▸ Exercise: Transcribe all of the data exactly. Omit the pictures.

▸ Given data:
========
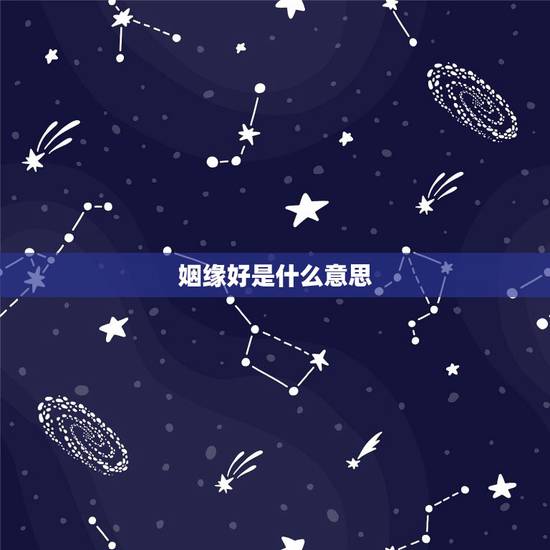 姻缘好是什么意思,姻缘好是指什么意思 姻缘好是什么意思,姻缘好是指什么意思
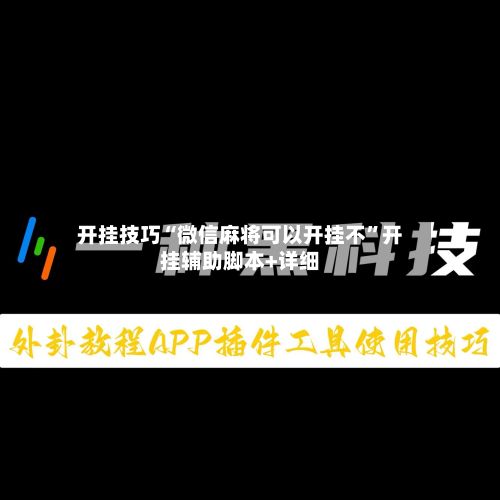 开挂技巧“微信麻将可以开挂不”开挂辅助脚本+详细-第3张图片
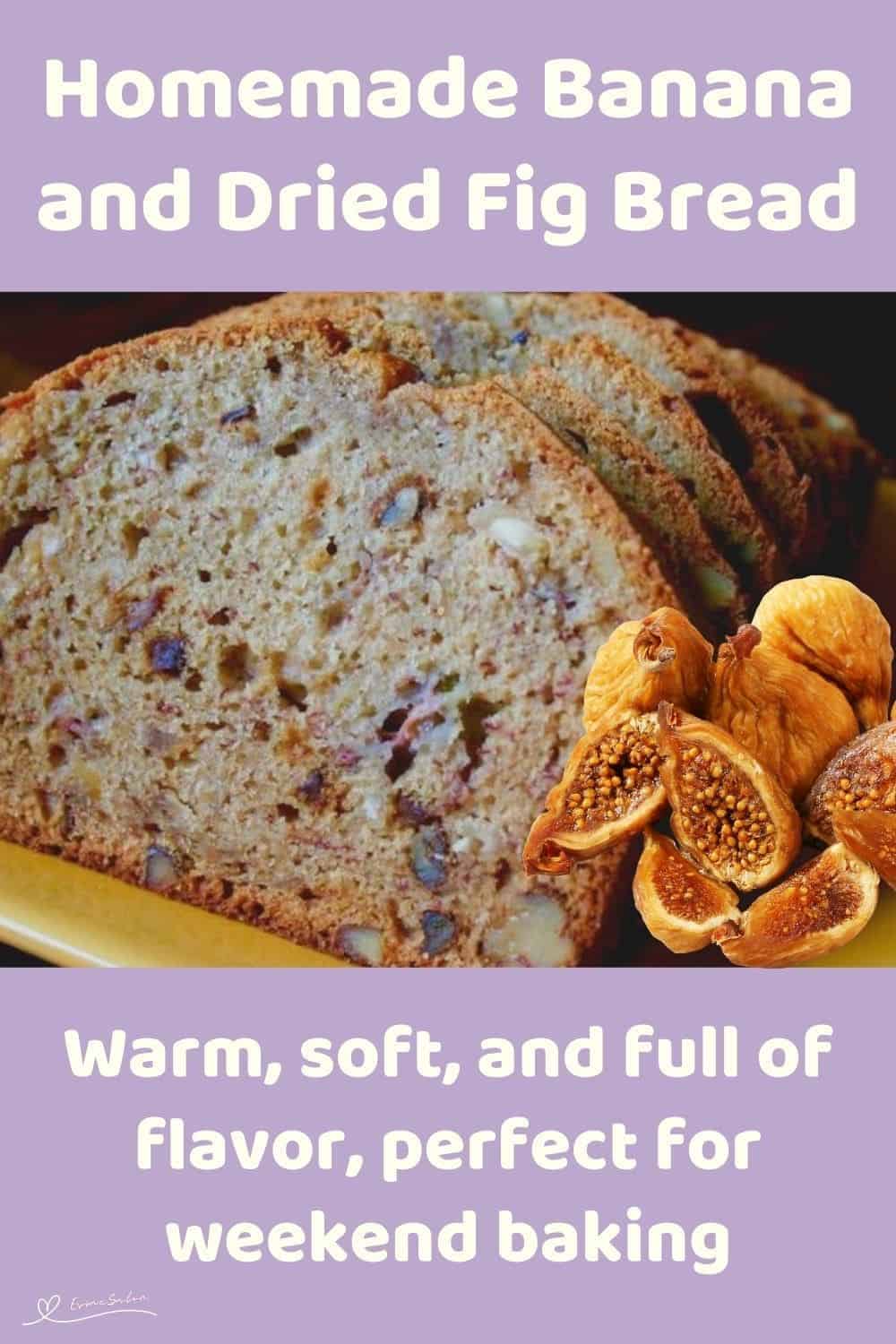 an image of a Banana and Dried Fig Bread with slices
========
▸ Result:
 姻缘好是什么意思,姻缘好是指什么意思 姻缘好是什么意思,姻缘好是指什么意思
 开挂技巧“微信麻将可以开挂不”开挂辅助脚本+详细-第3张图片
 an image of a Banana and Dried Fig Bread with slices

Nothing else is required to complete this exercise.